### What to work on
Please, without any pictures, set down exactly the part of the listing below that opens with the line containing "Townhouse Stratgis Hook" and closes with the line containing "Tee | Artistshot".

....

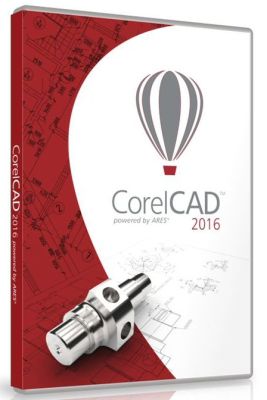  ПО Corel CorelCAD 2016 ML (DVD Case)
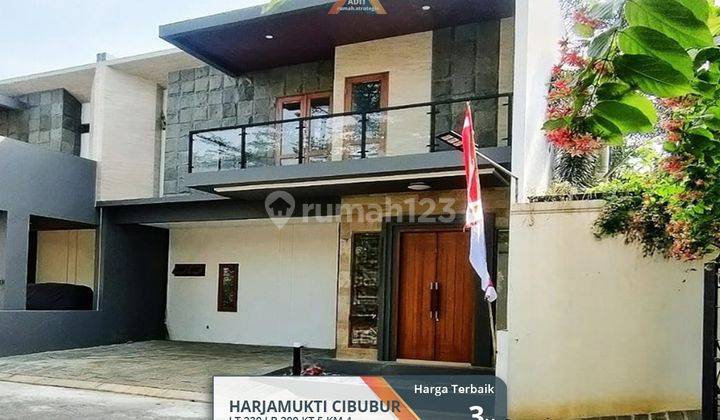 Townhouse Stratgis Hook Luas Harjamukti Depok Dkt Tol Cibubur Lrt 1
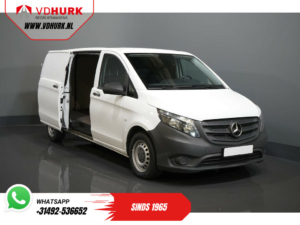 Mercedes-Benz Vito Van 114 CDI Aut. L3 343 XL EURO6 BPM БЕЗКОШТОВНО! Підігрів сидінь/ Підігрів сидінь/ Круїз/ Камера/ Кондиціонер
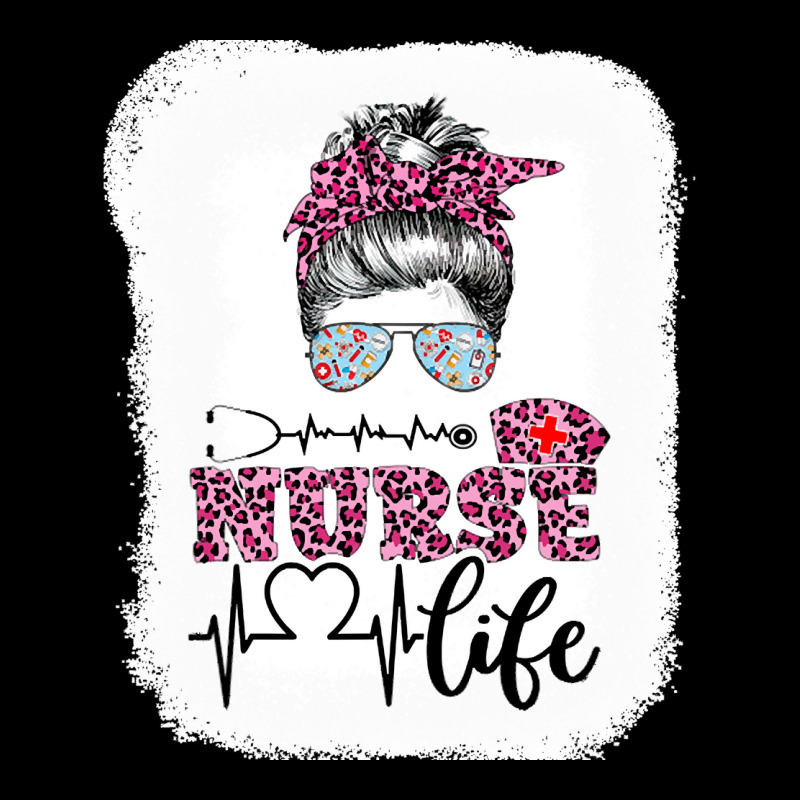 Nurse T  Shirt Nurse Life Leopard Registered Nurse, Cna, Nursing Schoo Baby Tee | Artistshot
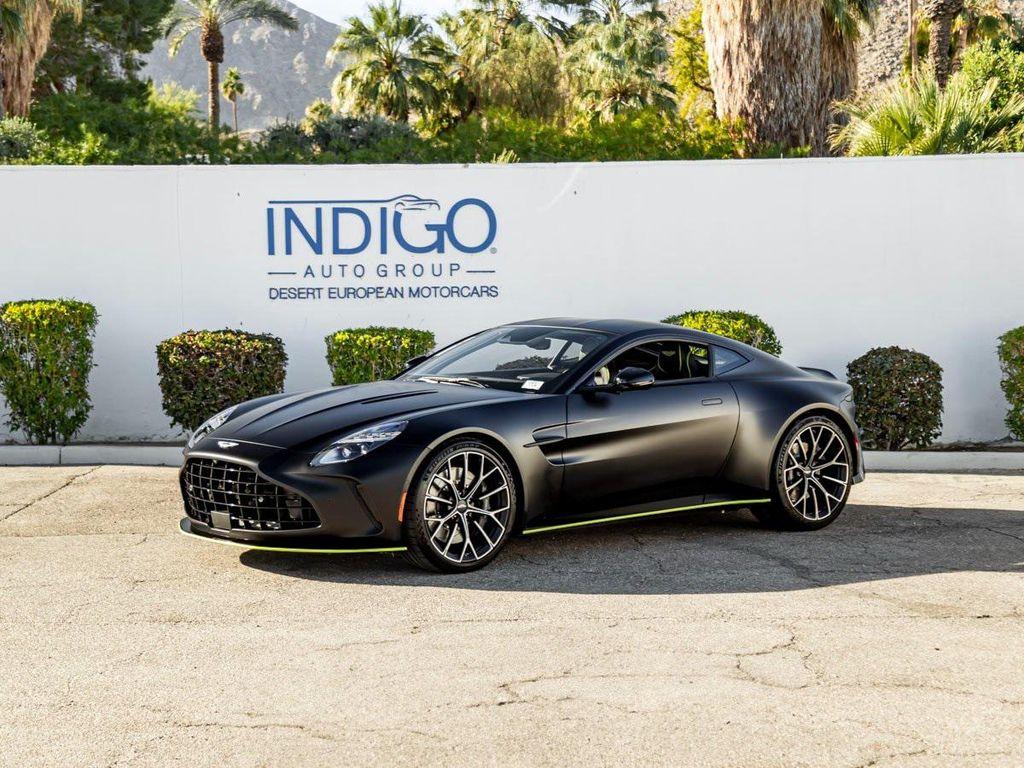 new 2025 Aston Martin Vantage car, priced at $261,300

....

### Response to this exercise
 Townhouse Stratgis Hook Luas Harjamukti Depok Dkt Tol Cibubur Lrt 1
 Mercedes-Benz Vito Van 114 CDI Aut. L3 343 XL EURO6 BPM БЕЗКОШТОВНО! Підігрів сидінь/ Підігрів сидінь/ Круїз/ Камера/ Кондиціонер
 Nurse T  Shirt Nurse Life Leopard Registered Nurse, Cna, Nursing Schoo Baby Tee | Artistshot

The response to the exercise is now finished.